Through sites such as ‘Camel, Camel, Camel’, which tracks prices on Amazon and sends price drop alerts or, you can use apps that help you bargain shop in actual stores.
She suggests ‘Shop Savvy’. Palmer explains, “With that app you can actually scan the barcodes of items when you're in stores and it will tell you if there's a lower price at another nearby store.”
When you do see a deal, Palmer suggests you take a very close look at the product offered at that low, low price. It may not measure up to what you think you are getting.
“A big concern around the holidays is something we call derivative products. If you have your eye on a specific television, for example, you want to make sure that it's up to the standard that you're expecting, and it's not a cheaper version of what you intended to buy,” Palmer explains.
And if you get home and have a problem with what you bought, don’t feel like you have to march back into the store for customer service, or sit on hold for an eternity. These days, you can tweet or text them!
Palmer says, “Texting is a really good option when you want to complain to a retailer. Ask for a refund. Anything, any reason, you want to reach out… consider text messaging.”
If you tweet, remember not to post private information like an account number, because your tweets are public, unless you’re direct messaging.
Another thing to be careful about—shipping alerts.
“Fraudsters will imitate what looks like a shipping notification to entice you to click on it.
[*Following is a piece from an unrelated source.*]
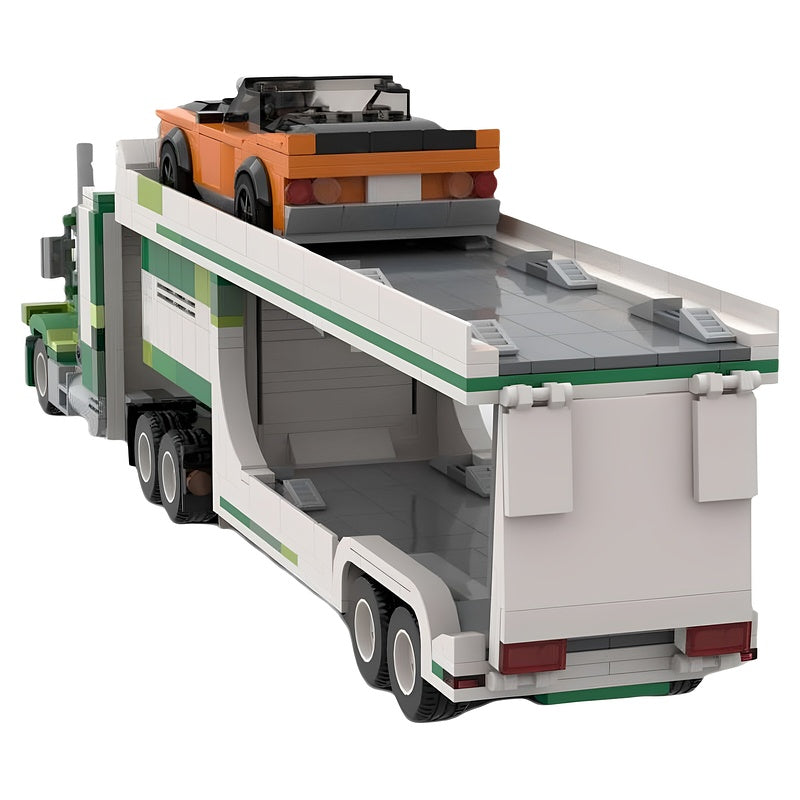 Car Transporter Truck MOC Building Kit | 8-Stud Wide - 4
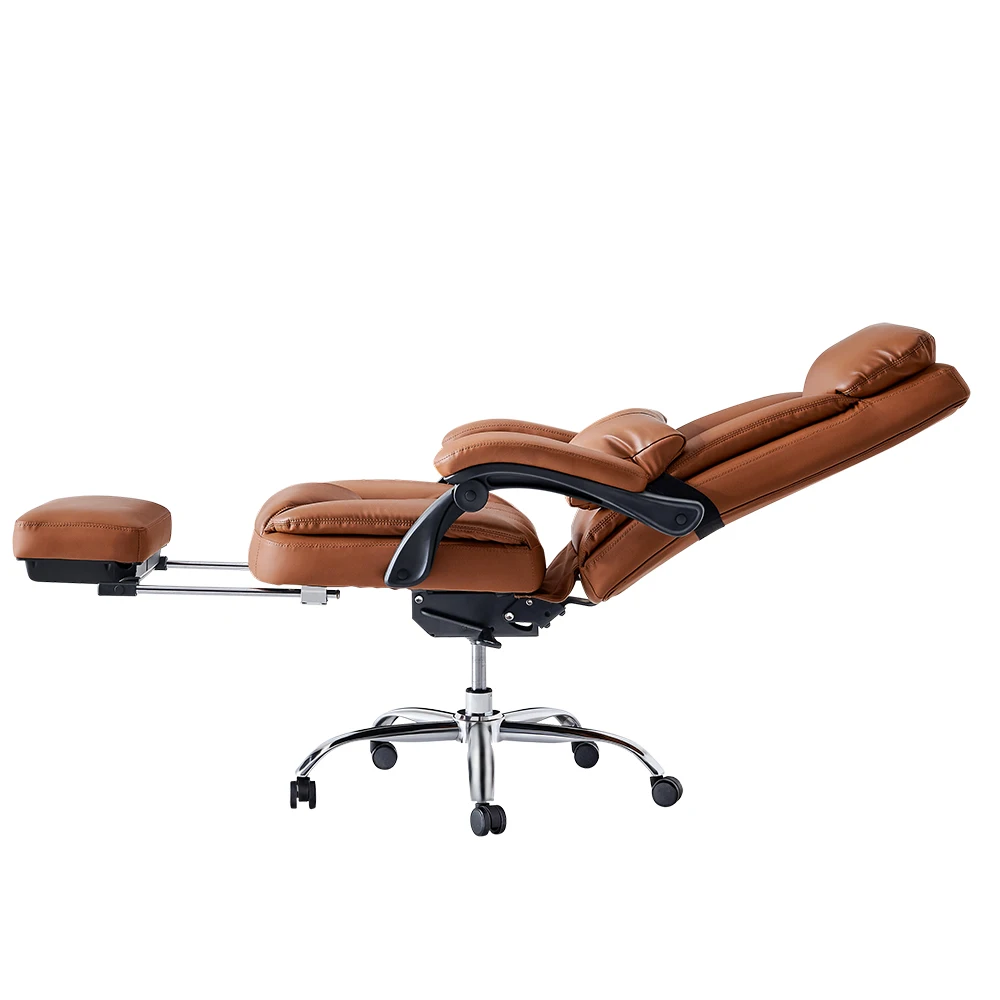 Office Computer Swivel Chair Ergonomic Design Exectuive High Back Adjustable Brown Removable Lumbar Support Cushion[US-Stock]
But it's actually sending you to a fraudulent site. It's going to try to collect your personal information, maybe even your credit card, your bank account information,” Palmer explains.
Look at the sender’s email address to be sure it’s actually from the company.
One final tip from Palmer has to do with rebates. She explains, “Rebates can seem really appealing when you're in a store. It seems like you'll automatically get 100 dollars off your purchase, for example. But the tricky thing with rebates is that it often takes a lot of time to actually get that money back in the mail.”